把空region合并一下可能空间就下来了。

你这个版本region合并是不是还不完善啊?没运维过3.x的版本,等其他人看吧。

不是合并的问题呢,是gc没有运行
正打算这个季度逐步升级到4.x-5.x的,结果出这个问题。。。哎

你的集群Region merge配置参数有点大,可以减小到官方建议值看看,这个操作会加速空region的合并

空间无法释放的原因,可能会有好几个因素在影响

  • 除了上面提到的空region问题
  • 还有可能是GC运行有点慢,根据日志[gc worker] there’s already a gc job running, skipped 可以知道GC有正常触发运行,但是后台GC速度比较慢,在10min内还没跑完当前的GC,下一个GC任务又来了,系统检测到有运行的任务就跳过了最新的GC任务。

问下你的集群TiKV节点数大概有多少?
因为看到tikv_gc_concurrency配置参数是4,如果TiKV节点数超过4个,可以适当调大这个并发。

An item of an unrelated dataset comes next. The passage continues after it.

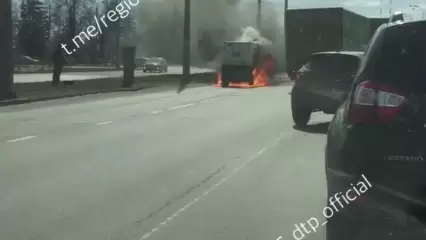 В Казани на ходу загорелся автомобиль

还有一个大问题,tidb 3.x版本很早就不维护了,我们的生产环境都升级到6.1版本,用了半年多都很稳定、可靠

强烈建议你这边评估升级,我们的生产实际看到,从性能提升、集群稳定性、bug修复、功能特性等全方面,新版本的TiDB集群都有质的提升。

举个不恰当的例子,仅供理解,如果3.x版本成是中学生的知识储备话,6.x版本可以是硕士、博士的水平

集群节点20个tikv,物理机有7台,有多实例的部署,
根据建议调整到了10个。

但是gc日志中有错误
"[gc worker] runGCJob"] [error="loadRegion from PD failed

依据我参考的文档,是因为有个别region异常,导致重复循环 resolve locks ,无法进行下一步,但是目前无法判断到底是哪个region出的问题

的确是预备升级,所以3月初就清理了空间,为升级做准备,结果发现gc无法正常运行了。。。也不好强行升级了

我之前是一位空region太多,导致空间无法释放,所以调大了,但是发现调大也没有减少空间。能看到region在减少,但是空间使用仍然上升

https://docs.pingcap.com/zh/tidb/stable/pd-control#region-key---formatrawencodehex-key
参考下,根据key找到region,再找对应的表信息
不过看着像是region cache的问题,先试下吧

是merge的事儿,空region一合并,空间就下来了。

怎么感觉还是清理锁的时候,失败了导致gc无法正常工作

谢谢!我试试!如果找到了对应的表,后续请问该如何操作呢?

对对,,我根据引用的文章内容,也是这么感觉的,请问有什么思路可以解决吗?

你调大的话,满足条件的region会增多,它会合并比较多的region,大的region通常涉及较多数据的搬迁、整理等,可能会更慢;

我们的目标是尽可能快速合并空的或者比较小的region,空的或者比较小的region通常合并速度会比较快,释放空间也会变快,所以那些相对较大的region就先不纳入合并的操作,按照这个思路,把参数调小一些才合理,可以先试试

谢谢,刚开启了跨表的空region合并,希望有帮助

先把lowspace store告警调整下,让先变绿色,这个值会影响集群整体调度慢。